I was notified of an issues yesterday regarding following the release of MS April patches which are causing some issues ( ) although it was good to see Sophos being pro-active about this. Now the issues are out of the way the product has been working fine and we have not really had any issues, detection has been pretty much on the money, a few false possessive along the way but that's generally a standard problem with any vendor.
Although this was resolved quite easily there where no notifications of any description on the Endpoint of any issues with communication. when the SSL traffic from the endpoints to the cloud was being inspected this resulted in break in the SSL\cert chain thus communications where not being made to and from the cloud. It appears to me that Sophos has thought through the threat and is offering a reasonable set of tools to help enterprises. Network traffic should be encrypted so that even if a network conversation is being monitored, only limited information could be captured. One issues which is not product related was down to me using SSL\HTTPS inspection and the fact the cloud dashboard (Amazon AWS) adopt cert pinning. Sophos suggests that ongoing monitoring of application and network activity is needed.
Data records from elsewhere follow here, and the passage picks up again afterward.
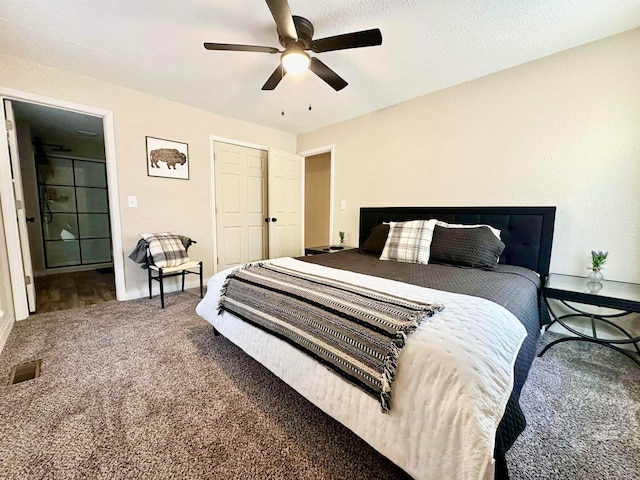 carpeted bedroom with visible vents and ceiling fan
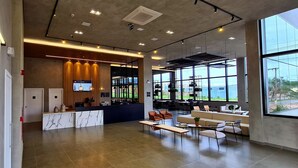 A modern reception area with a marble counter, seating area, and large windows offering a view. -  Serrana Residence Hotel  (Nova Serrana)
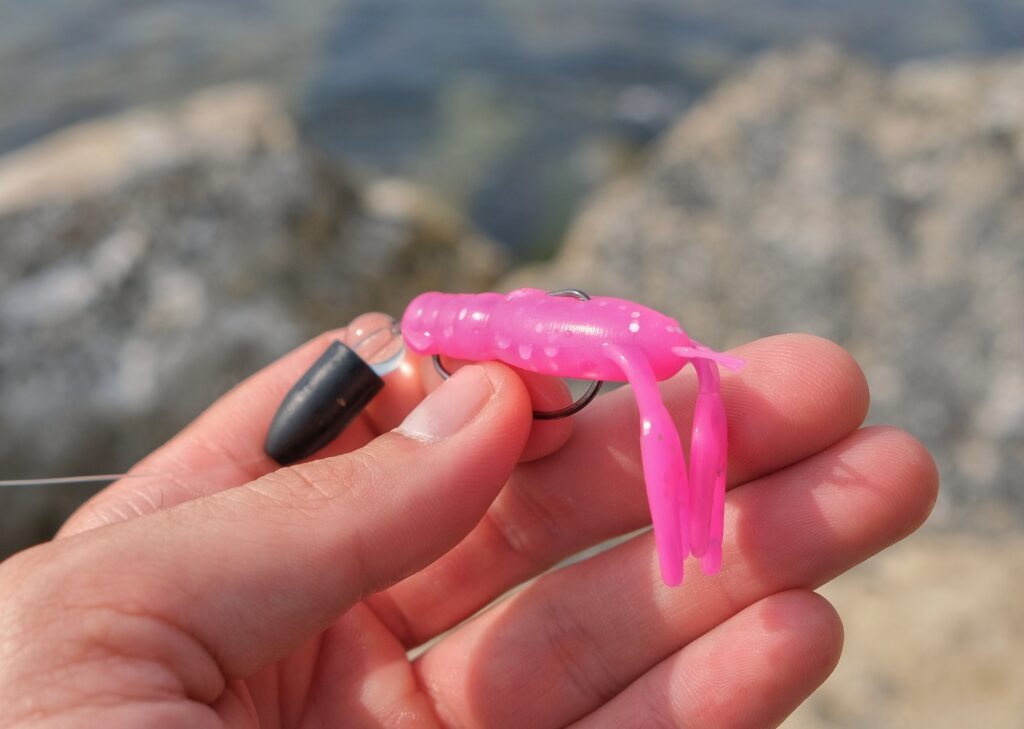 Weedless rigging a soft plastic lure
I have had a few issues with the product reporting OK on the console and not OK on the endpoint and also issues with the device control either not applying and applying when it shouldn't be applied which I believe was a bug towards the end of last year.
In terms of the product, Intercept X is one of the main reasons we migrated. Pretty much what you have said, I have had bad support experiences in the past although when I have been lucky enough to deal with the UK support the experience has been allot better. Sophos Anti-Virus by Jay Munro Good (3.0) Unlike the other companies in this roundup, Sophos focuses solely on corporations, offering no consumer products whatsoever.